*DATA TO PROCESS*.
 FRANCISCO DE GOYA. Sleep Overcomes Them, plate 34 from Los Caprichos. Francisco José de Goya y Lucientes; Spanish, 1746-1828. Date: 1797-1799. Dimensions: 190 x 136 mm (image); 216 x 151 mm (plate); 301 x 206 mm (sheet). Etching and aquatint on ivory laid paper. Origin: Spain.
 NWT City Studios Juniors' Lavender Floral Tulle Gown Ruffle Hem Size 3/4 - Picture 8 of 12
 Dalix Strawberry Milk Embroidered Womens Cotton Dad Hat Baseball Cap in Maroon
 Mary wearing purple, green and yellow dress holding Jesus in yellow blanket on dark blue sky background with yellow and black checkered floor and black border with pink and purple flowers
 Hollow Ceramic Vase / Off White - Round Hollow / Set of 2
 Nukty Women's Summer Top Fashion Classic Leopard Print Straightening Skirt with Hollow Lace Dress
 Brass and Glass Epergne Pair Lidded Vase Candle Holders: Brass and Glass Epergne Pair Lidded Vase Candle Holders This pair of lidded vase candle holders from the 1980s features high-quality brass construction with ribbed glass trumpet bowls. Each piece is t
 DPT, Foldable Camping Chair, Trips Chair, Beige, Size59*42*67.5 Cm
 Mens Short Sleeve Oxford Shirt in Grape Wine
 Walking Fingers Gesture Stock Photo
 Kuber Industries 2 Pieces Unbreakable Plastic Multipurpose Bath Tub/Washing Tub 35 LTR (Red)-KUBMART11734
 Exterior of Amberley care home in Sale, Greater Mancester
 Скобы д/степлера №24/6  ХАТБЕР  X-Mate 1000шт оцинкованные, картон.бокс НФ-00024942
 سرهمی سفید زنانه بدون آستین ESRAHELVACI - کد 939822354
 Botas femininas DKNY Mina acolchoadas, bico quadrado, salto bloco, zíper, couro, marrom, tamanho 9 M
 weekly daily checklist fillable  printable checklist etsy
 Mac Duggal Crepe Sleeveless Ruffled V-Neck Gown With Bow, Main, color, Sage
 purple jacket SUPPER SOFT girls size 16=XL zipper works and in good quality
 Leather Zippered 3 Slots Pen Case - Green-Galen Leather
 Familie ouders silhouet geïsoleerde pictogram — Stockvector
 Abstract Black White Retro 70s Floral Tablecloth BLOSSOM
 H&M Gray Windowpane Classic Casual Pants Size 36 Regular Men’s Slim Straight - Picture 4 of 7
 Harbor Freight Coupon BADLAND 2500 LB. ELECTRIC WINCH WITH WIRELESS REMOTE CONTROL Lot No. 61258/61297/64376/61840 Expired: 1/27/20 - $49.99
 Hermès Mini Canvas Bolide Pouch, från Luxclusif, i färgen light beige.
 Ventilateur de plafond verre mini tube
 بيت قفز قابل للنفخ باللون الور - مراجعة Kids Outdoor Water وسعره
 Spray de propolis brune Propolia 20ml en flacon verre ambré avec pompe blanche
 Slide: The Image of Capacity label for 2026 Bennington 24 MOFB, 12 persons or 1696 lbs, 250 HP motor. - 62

*TASK DETAILS*. The line containing "Spray de propolis" begins the span, and the last line of the records above ends it. Return that span exactly, and nothing outside it.

*SOLUTION TO THIS TASK*.
 Spray de propolis brune Propolia 20ml en flacon verre ambré avec pompe blanche
 Slide: The Image of Capacity label for 2026 Bennington 24 MOFB, 12 persons or 1696 lbs, 250 HP motor. - 62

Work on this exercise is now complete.